Bill Katz (Senior Equity Analyst)

Okay, thank you very much. I just want to unpack the dividend a little bit further. So you affirmed the $0.72 this year, and you think you can grow that in the low-to-mid 30% range year-on-year, and it does sound like top line driven. So if I take 35% as a reasonable proxy, I get to about $0.97. And so as I look at the year-to-date dynamics between distributable earnings and the dividend, the payout rate's been about 100% round numbers. So I'm wondering if you could just talk about the algorithm in terms of capital allocation and why the import on the dollar, and is there a broader argument here to potentially move away from a dividend growth story and think about a broader capital return opportunity? Thank you.

Marc Lipschultz (Co-CEO)

Sure. Thank you, Bill. So that's right. We're targeting a low to mid dividend growth for 2025 versus 2024. That low to mid would put us somewhere around the $0.96. That is a, you know, approaching, if not 100% dividend payout ratio. That's really what we've been communicating to investors. It's where, you know, we've seen this year will step up to a, you know, 90, low 90s% payout ratio, and then we would look to bring that back down over time as we get past 2025. So we've continued to keep our eye on that in and around the dividend, in and around the $1 share dividend goal, and then over time, we'll bring that payout ratio back down a little bit.

Operator (participant)

We're happy to follow up. Patrick, I think you're on for a follow-up.

Patrick Davitt (Partner)

Oh, hey, thanks, guys. Kuvare just closed on July first. Could you update us on how we should think about kind of the regular way, annuity-type quarterly inflow you'll start to see from that, given the kind of ongoing annuity issuance from the insurance partner there? Thank you.

Marc Lipschultz (Co-CEO)

Yeah. The Kuvare acquisition is a very exciting one for us, and I want to reframe importantly, you know, what we did buy and what we didn't buy. So we bought the Kuvare Asset Management business, getting paid fees to manage assets in fashions that are packaged, delivered, both in terms of abilities and structures for insurance companies. We did not buy the insurance operations. We are not in the insurance business. We don't have a, you know, a spread-related earnings concept. We continue to have fee-related earnings. That's very important to our business model. So Kuvare remains very active in the insurance business and very successfully so. That is to say that they continue to be very successful in issuing annuities.

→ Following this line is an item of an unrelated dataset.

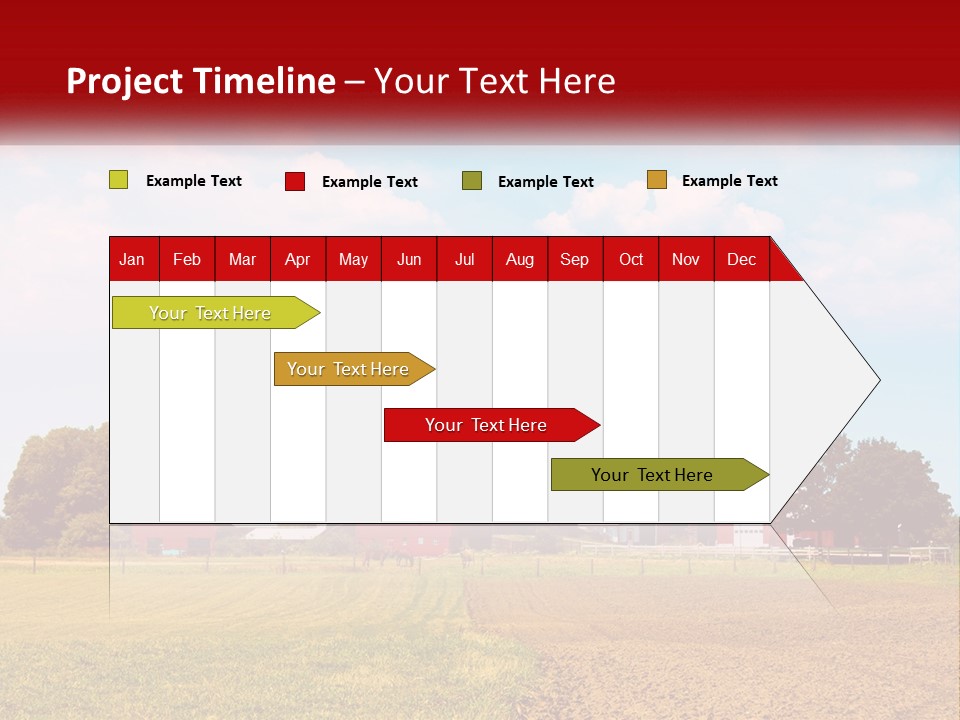 A Farm With A Red Barn And Silo In The Background PowerPoint Template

They have been, in fact, for an insurance company their size, I, I think it's quite impressive what they've accomplished in terms of access, for example, to the Japanese market. In 2023, there was $5.6 billion of flows. The expected growth rate this year has been higher for them in terms of total originations. They've had a good, strong start to the year, so we continue to expect, you know, again, that was 2023, and we're rising from there. So this is something that will be contributing over time, done, you know, the, the way we expect it will, you know, billions of dollars of flows for us on an annual basis, and in fact, on a quarterly basis.

So we are very happy to have this additional leg to our stool, along with being, you know, one of the key leaders in wealth. Remember, there, we had $3.2 billion in the wealth channel, institutional, great continued growth in institutional and access to new accounts, and now we add insurance, where we have another set of flows, you know, starting off with this base of $20 billion of assets we just took. And as you note in your question, as there are inflows, those come to us to manage. So this is yet another engine for us to continue to originate exactly what we want, which are long-dated fee-paying assets. So the insurance addition, married, as I mentioned, with these other capabilities that, by the way, not a coincidence, that something like Prima and, and asset-backed lending are perfect strategies for insurance users.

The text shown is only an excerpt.